Frances’ research focuses the intersections between labour law, environmental crisis and changing formations of technology, gender and migration.
She has an interdisciplinary background in law and history and has published in academic journals including New Technology Work and Employment, the Journal of Industrial Relations and the Journal of International Labour Law and Industrial Relations, Labour History, the Economic Labour Relations Review and Thesis Eleven.
Her book, Remembering the Revolution was published by Oxford University Press and was short-listed for the Royal Historical Society Whitfield Prize for the best monograph on a subject of British or Irish history published within the United Kingdom or Republic of Ireland in 2016.

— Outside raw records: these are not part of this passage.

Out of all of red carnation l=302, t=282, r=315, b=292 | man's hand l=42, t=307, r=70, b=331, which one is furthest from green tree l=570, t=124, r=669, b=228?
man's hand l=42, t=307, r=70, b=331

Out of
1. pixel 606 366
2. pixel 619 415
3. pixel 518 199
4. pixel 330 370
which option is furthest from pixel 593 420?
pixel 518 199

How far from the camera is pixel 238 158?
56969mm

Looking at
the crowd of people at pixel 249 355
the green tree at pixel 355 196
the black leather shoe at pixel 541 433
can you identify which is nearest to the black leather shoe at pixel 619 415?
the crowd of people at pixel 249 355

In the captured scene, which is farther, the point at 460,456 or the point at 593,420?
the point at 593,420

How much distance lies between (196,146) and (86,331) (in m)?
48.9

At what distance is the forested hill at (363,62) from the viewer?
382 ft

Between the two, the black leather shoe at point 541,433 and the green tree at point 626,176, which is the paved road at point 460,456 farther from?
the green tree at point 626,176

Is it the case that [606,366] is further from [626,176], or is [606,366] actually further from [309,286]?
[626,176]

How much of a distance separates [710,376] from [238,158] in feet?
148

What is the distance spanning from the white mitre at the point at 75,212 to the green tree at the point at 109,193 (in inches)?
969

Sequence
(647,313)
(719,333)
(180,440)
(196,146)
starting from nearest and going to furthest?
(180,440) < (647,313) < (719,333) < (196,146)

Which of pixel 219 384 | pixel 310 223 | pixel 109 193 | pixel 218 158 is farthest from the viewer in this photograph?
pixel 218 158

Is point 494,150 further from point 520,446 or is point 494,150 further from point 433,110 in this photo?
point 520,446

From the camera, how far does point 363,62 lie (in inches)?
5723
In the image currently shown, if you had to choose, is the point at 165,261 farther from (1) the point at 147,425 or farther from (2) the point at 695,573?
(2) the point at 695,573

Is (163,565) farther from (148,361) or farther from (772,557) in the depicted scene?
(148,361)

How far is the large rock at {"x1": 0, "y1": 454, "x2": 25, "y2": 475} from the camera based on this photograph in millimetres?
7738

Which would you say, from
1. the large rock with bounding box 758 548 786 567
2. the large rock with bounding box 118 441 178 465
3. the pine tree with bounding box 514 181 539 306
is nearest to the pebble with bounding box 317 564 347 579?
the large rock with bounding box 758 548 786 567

Prior to commencing her role at UTS in 2023, Frances was a Sydney Fellow in Work and Organisational Studies at the University of Sydney. She has also held academic positions as a lecturer at Birkbeck, University of London, as a Marshall Fellow at the Institute of Historical Research, and as a Senior Scholar at Hertford College Oxford. Outside academia, Frances served as National Director of Research at United Voice (now called the United Workers Union) and was a lawyer at the Yamatji Marlpa Aboriginal Corporation, the native title representative body for the Pilbara, Murchison and Gascoyne regions of Western Australia.

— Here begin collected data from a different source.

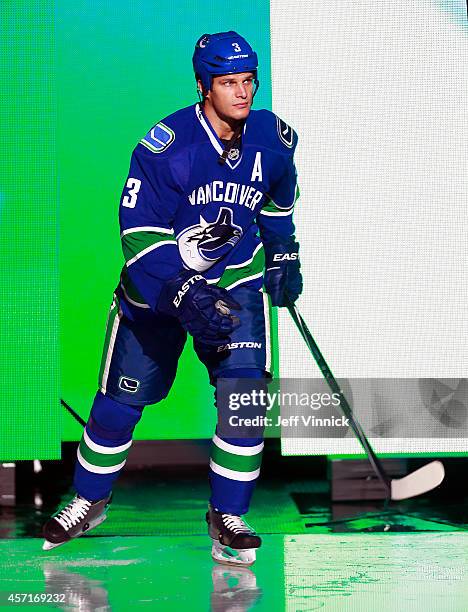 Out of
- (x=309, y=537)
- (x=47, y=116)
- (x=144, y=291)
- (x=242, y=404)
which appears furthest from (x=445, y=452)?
(x=47, y=116)

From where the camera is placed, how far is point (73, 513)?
363 centimetres

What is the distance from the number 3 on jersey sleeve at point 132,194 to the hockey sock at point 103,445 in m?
0.62

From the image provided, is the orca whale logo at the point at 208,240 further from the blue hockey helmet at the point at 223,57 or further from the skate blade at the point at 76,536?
the skate blade at the point at 76,536

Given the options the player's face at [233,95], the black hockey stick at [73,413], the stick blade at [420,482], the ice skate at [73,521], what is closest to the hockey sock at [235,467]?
the ice skate at [73,521]

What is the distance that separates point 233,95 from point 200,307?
0.65 metres

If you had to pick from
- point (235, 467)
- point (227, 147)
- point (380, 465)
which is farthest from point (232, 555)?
point (227, 147)

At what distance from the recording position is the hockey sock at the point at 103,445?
11.7 ft

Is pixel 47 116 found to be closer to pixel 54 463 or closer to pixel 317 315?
pixel 317 315

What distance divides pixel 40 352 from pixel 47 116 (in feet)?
2.85

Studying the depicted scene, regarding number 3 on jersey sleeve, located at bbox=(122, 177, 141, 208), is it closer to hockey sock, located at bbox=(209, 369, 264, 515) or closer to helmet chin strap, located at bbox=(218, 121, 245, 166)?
helmet chin strap, located at bbox=(218, 121, 245, 166)

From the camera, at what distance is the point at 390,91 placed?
439 centimetres

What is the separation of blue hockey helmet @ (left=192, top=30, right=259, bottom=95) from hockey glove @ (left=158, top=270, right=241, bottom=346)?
1.91ft

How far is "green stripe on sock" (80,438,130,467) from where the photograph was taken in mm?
3617

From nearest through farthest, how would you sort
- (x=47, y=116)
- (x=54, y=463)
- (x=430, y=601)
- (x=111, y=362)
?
Answer: (x=430, y=601)
(x=111, y=362)
(x=47, y=116)
(x=54, y=463) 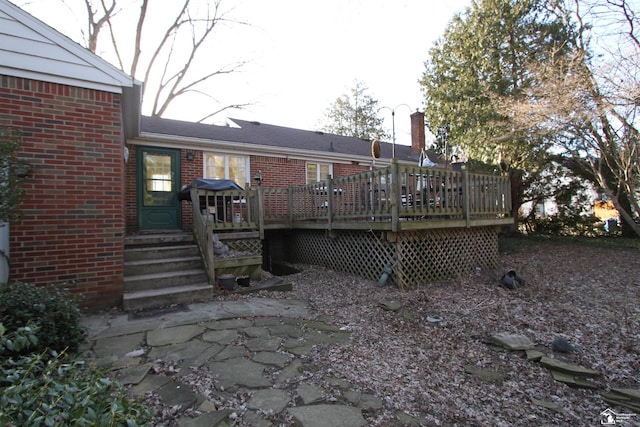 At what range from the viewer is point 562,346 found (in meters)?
3.41

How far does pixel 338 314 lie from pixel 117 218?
10.8ft

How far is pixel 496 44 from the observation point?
432 inches

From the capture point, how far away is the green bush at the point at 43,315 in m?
2.56

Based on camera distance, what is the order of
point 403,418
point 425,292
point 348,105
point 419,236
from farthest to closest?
point 348,105 < point 419,236 < point 425,292 < point 403,418

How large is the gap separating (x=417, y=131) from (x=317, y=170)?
7.76 m

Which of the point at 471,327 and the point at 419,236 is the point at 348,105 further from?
the point at 471,327

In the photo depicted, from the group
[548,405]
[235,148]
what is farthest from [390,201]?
[235,148]

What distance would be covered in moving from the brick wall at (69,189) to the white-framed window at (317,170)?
6.77 m

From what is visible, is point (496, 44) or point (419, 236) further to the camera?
point (496, 44)

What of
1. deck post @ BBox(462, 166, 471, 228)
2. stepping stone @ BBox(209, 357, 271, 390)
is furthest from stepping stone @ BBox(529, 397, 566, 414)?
deck post @ BBox(462, 166, 471, 228)

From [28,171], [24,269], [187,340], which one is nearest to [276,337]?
[187,340]

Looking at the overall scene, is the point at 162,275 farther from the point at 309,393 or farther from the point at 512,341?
the point at 512,341

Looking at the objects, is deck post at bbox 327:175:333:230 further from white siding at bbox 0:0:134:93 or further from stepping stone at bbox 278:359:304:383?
stepping stone at bbox 278:359:304:383

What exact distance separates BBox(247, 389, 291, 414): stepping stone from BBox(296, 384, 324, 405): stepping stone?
11 cm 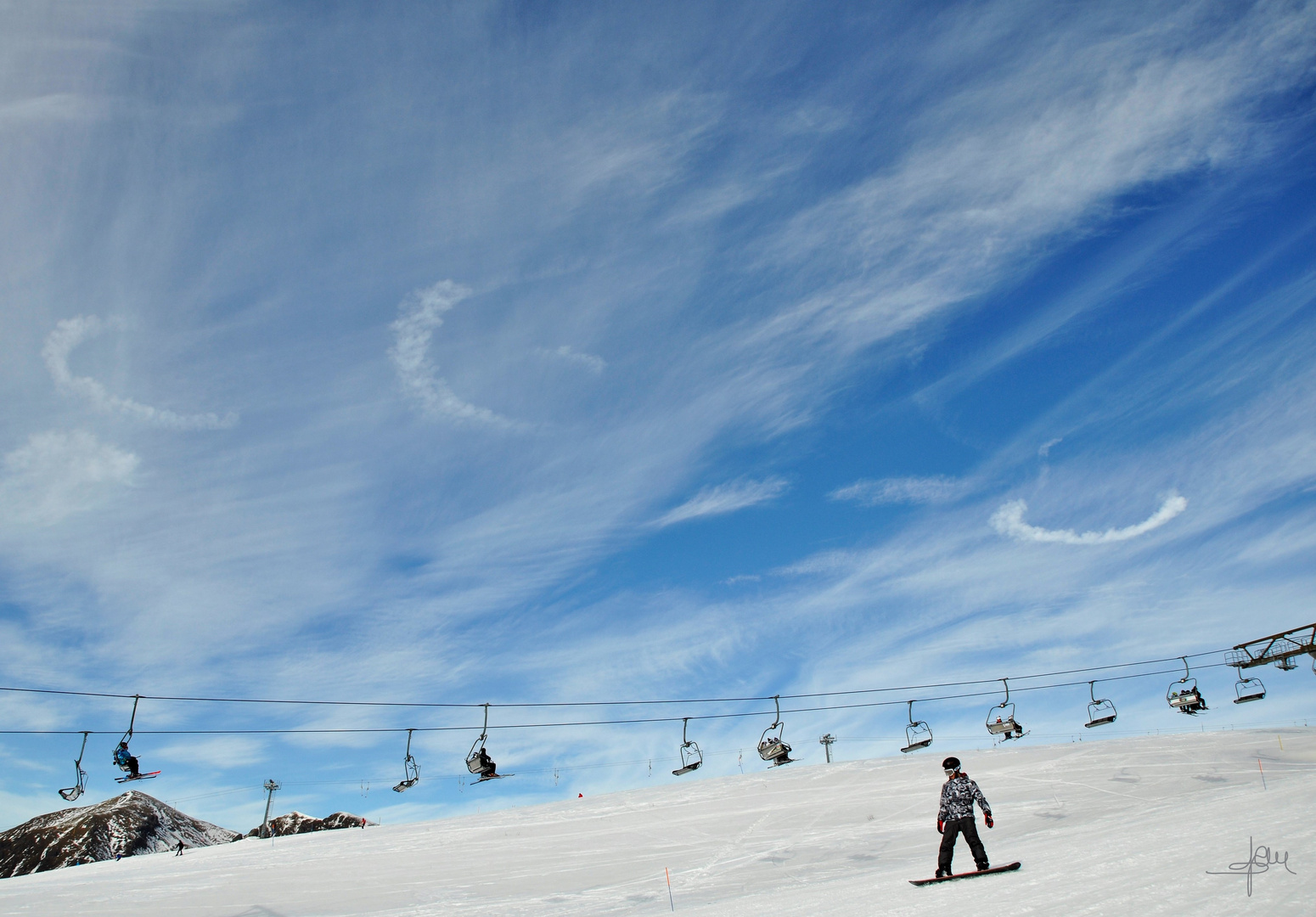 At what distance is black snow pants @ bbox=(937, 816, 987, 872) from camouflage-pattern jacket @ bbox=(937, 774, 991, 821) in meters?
0.08

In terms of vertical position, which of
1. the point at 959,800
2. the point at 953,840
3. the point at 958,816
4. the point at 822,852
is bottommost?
the point at 822,852

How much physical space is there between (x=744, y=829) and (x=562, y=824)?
24.5 feet

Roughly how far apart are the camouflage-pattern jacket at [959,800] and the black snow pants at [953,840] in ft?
0.26

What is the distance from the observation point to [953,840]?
10.8m

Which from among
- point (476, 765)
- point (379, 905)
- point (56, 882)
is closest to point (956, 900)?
point (379, 905)

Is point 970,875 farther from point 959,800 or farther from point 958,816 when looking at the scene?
point 959,800

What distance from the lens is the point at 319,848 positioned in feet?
86.6

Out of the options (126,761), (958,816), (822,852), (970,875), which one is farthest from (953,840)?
(126,761)

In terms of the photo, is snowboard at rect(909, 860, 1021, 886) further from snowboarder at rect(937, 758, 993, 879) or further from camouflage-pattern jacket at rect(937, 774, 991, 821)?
camouflage-pattern jacket at rect(937, 774, 991, 821)

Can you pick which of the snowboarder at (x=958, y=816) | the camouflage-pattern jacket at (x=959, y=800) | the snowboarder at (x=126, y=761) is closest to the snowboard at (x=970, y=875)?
the snowboarder at (x=958, y=816)

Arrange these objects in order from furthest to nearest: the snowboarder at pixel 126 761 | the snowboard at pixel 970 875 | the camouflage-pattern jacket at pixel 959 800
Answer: the snowboarder at pixel 126 761 → the camouflage-pattern jacket at pixel 959 800 → the snowboard at pixel 970 875

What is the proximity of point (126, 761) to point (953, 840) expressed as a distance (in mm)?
22541

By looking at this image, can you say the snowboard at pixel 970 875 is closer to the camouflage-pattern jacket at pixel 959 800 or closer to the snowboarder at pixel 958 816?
the snowboarder at pixel 958 816

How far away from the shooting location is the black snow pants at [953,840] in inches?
426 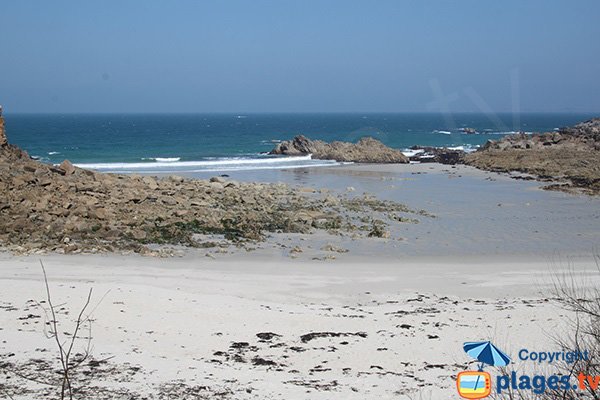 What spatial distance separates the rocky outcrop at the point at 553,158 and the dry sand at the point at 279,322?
61.4ft

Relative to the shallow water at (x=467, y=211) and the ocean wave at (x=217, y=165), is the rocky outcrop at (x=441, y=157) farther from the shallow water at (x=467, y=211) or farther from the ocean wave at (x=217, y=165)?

Frances gave the 2022 Australian Academy of the Humanities Hancock lecture on the topic ‘Horizons of national responsibility: law and the protection of life on a fossil-rich continent’. She also gave the inaugural University of Sydney Iain McCalman lecture in 2019, entitled ‘Climate Change and the New Work Order’.
Frances has written for a range of general publications on the themes of work, climate change, gender and technology including the Guardian, Inside Story, Arena Magazine, Griffith Review and the Conversation.
Frances is a member of the Labour and Migration Law Cluster, the Feminist Legal Research Group and serves on the executive committee of the Association of Industrial Relations Academics of Australia and New Zealand.